Non per contraddire il re, ma anche la moda, che al di là delle dislocazioni non solo meneghine dei marchi, ha avuto proprio Milano come culla e laboratorio del made in Italy, è sempre meno Italy: per chi la disegna (i direttori creativi delle varie linee), per dove si vendono le collezioni (sempre più global, sempre meno local), per il passaggio in mani straniere di tanti gioielli della corona: da Bulgari, terzo gioielliere al mondo, che ora batte bandiera francese (come Gucci, Loro Piana e Fendi), al classicissimo Valentino (Qatar), che pure è transitato per Milano ai tempi dell’Hdp di Maurizio Romiti. La lista è molto più lunga e, particolare non trascurabile, la regina Miuccia Prada è quotata sì ma ad Hong Kong.
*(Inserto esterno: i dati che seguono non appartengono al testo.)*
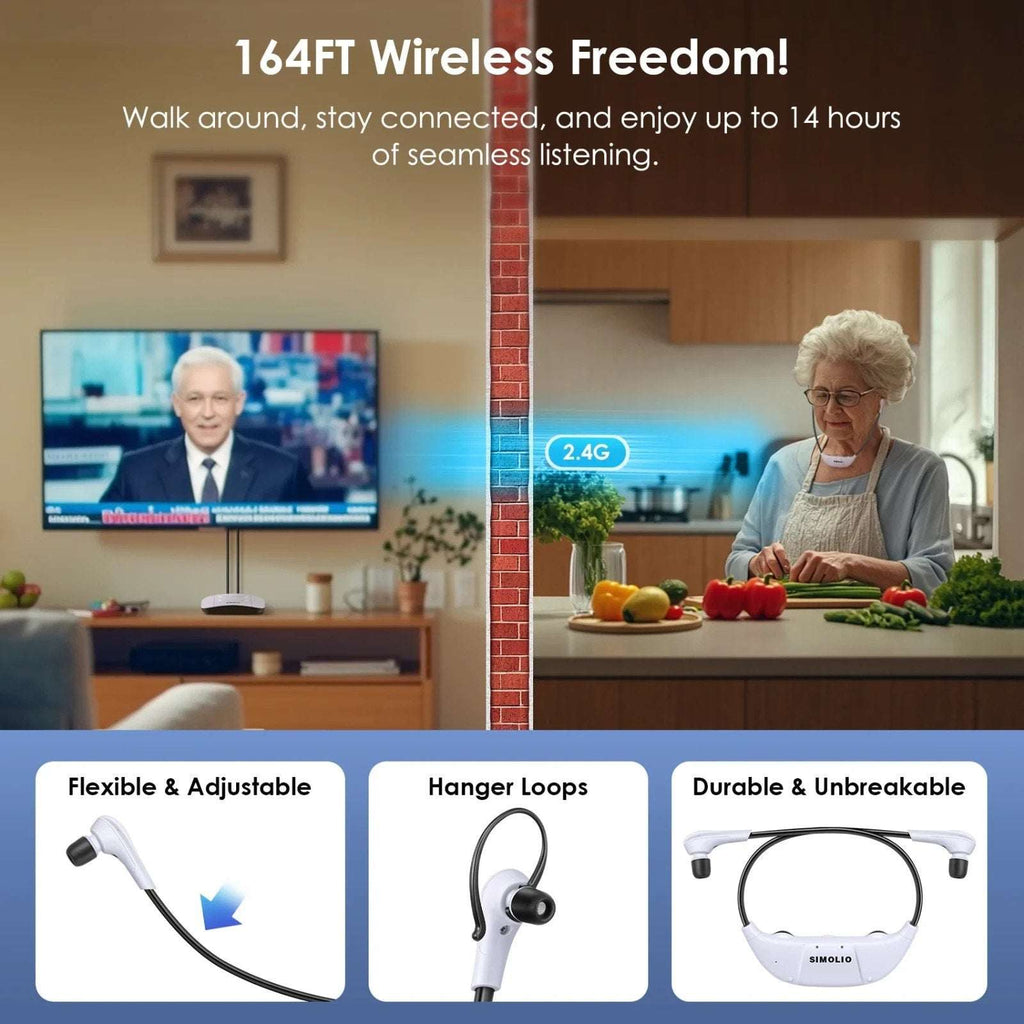 SIMOLIO 2.4GHz Wireless TV Headset for Hearing Impaired SM-823D PRO For Any TV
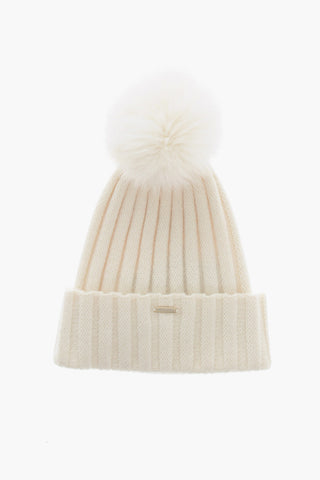Cashmere Blend Beanie with Fur PomPom
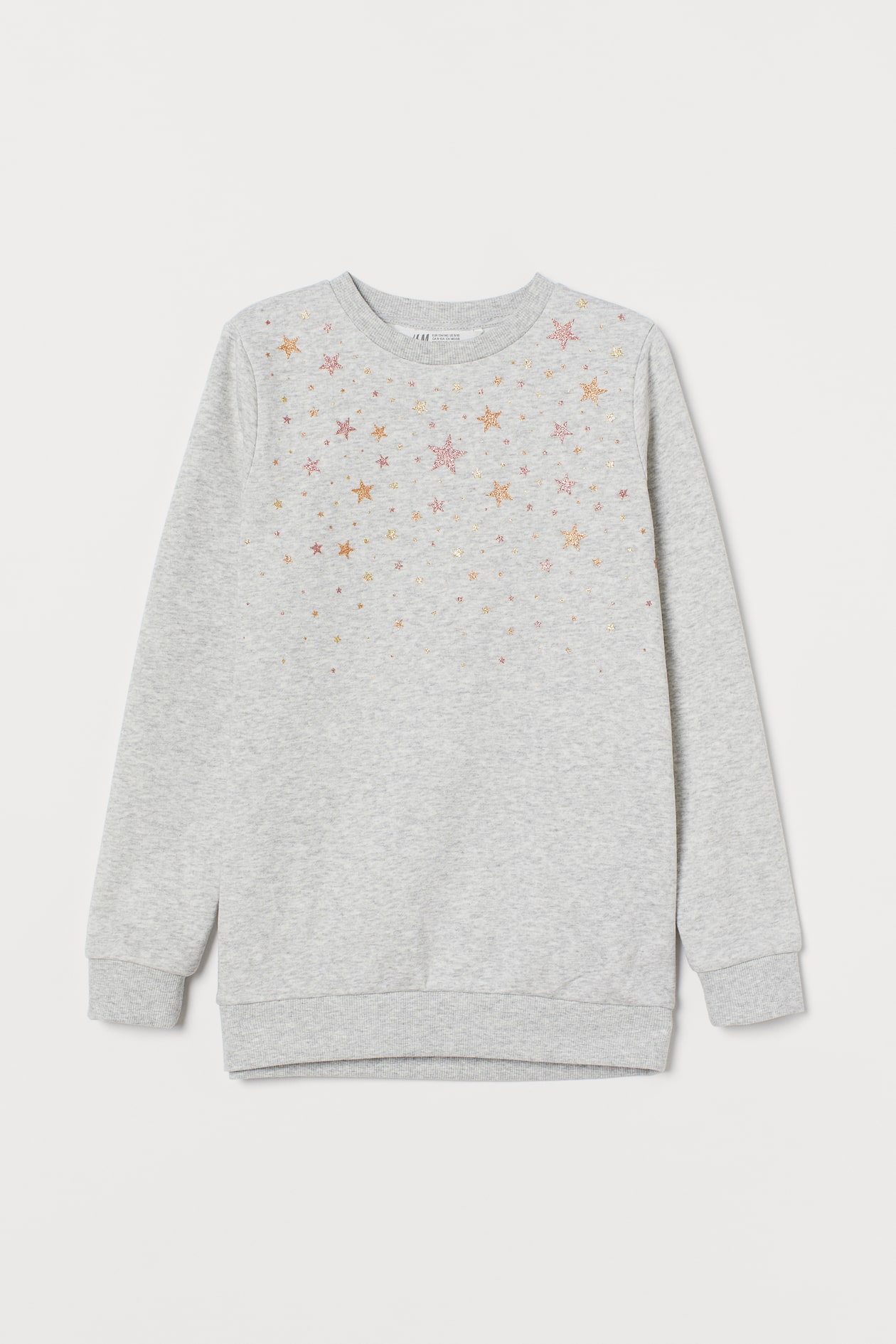 Printed Sweatshirt - Round Neck - Long sleeve - Light gray melange ...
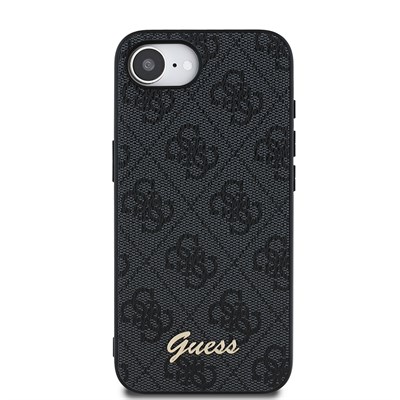 Apple iPhone 16E Kılıf Guess Orjinal Lisanslı 4G Desenli Script Metal Logolu Kapak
Made ex Italy. Dove ex, volendo, può stare anche per exit.
Milano fa gola, l’Italia buona fa gola. Negli ultimi anni ci siamo giocati Star e Parmalat, Gancia e Galbani, Peroni e San Pellegrino, Buitoni, Perugina e persino l’Orzo Bimbo. Più la Standa, “la casa dei milanesi” più che degli italiani, diventata Billa (Austria) e Fastweb, il nuovo che ha cominciato ad avanzare proprio sotto le strade di Milano ed è sbucato a Swisscom.
L’Italia del fare è stato uno slogan politico restato mestamente sulla carta. La Milano del fare era invece una realtà, ma sembra svuotata di energia: negli ultimi due anni, secondo la Camera di Commercio, hanno chiuso 2.615 ditte locali ma sono nate 2.356 attività aperte da stranieri. Per la prima volta sotto la Madonnina, il nome di battesimo più diffuso tra i titolari di piccole imprese è Mohamed (1.600), che scalza Giuseppe (1.383) e Marco (1.131). Non è affatto un male, ci mancherebbe, ma è chiaramente un segno, un altro.
Qualche giorno fa, sono stati denunciati cinque ragazzini che fuori dalla discoteca Just Cavalli Cafè hanno massacrato di botte un avvocato di 38 anni, colpevole di aver reagito a uno spintone. Tutti figli di famiglie più che bene, si vantano di essere dei “Sanka”, dal liceo privato San Carlo, e mirano a raccogliere l’eredità dei “sanbabilini” anni Ottanta. Quando c’è un vuoto, qualcosa lo riempie. Sta tornando la Milano da bere, le apparenze invece della sostanza. E non è un bel vedere.
L’Italia aveva tre capitali: Roma per Costituzione, Torino perché sede della più grande industria, la Fiat, e Milano, la città faro, il ponte con l’Europa. Ce ne sta rimanendo una sola di capitale, e solo perché è scritto così.